As language models become increasingly capable of performing cognitive tasks that humans can solve quickly, it appears that a "cognitive capability : agency overhang" is emerging. We have powerful systems that currently have little ability to carry out complex, multi-step plans, but at some point, these powerful yet not-very-agentic systems may develop sophisticated planning and execution abilities. Since "fast cognition capability : agency overhang" is unwieldy, I will shorten this to “agency overhang”.
By agency, I mean the ability to generate and carry out complex plans to do specific things, like run a software company, or run a scientific research program investigating cancer treatments. I think of a system as “more agentic” when it can carry out more complex plans that take more steps to accomplish.
It’s hard to estimate how quickly planning and execution abilities could be developed from state of the art (SOTA) language models, but there is some risk these abilities could develop quickly given the right training environment or programmatic scaffolding (e.g. something like AutoGPT). This could look like a sharp left turn that happens very suddenly during training, or it could look like a smoother-but-still-fast development taking weeks or months. My claim is that any of these relatively fast transitions from “systems with superhuman cognitive abilities on short time horizon tasks but poor planning and execution ability” to “systems that have these abilities plus impressive planning and execution ability” would be very dangerous. Not only because rapid gains in cognitive capabilities are generally risky, but because people might underestimate how quickly models could gain the dangerous planning and execution abilities.
Below I discuss how people are experimenting with making large language models more agentic through the use of programmatic scaffolding. Before I do, I want to emphasize the more general point that an agency overhang is concerning because the risks from an overhang don’t depend on exactly how the agentic-capabilities gap gets closed, only that it does. We currently possess powerful cognitive engines that perform superhumanly well along many dimensions but not all dimensions of general intelligence. At some point we will close this gap by finding ways to train or program AI systems to have the capabilities they need to plan and execute and iterate well.
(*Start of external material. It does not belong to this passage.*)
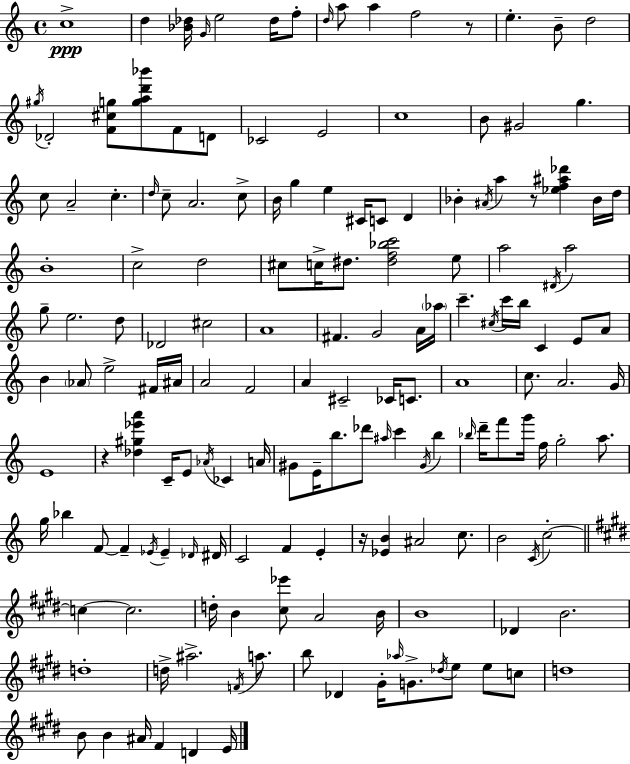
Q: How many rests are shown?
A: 4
This may be through the current scaling regime using similar internet training data. It may be through utilizing new training techniques, architectures, or types of training data. It may be through building new types of scaffolding.
Regardless, there is significant risk that AI systems could cross this threshold quickly, and go from relatively harmless to extremely dangerous in a short amount of time.
Once AI systems with superhuman capabilities along many dimensions close the agency gap and are able to plan and execute well, they will be much more capable of acquiring more financial, social, and computational resources, manipulating large groups of humans, and recursively self-improving.
An agency overhang is bad in that it makes experimenting with building agentic systems much more dangerous. I’m not against building agents to study how to align them. I think we'll need to study agency empirically before we can solve alignment. But we should do this extremely carefully, with significant security measures and information management (don't publish AI agent capability results) starting with less powerful models and lots of interpretability tools. In an ideal world, we would study many different types of weak agentic systems this way, look at their internals, test them in lots of different kinds of environments, and come ...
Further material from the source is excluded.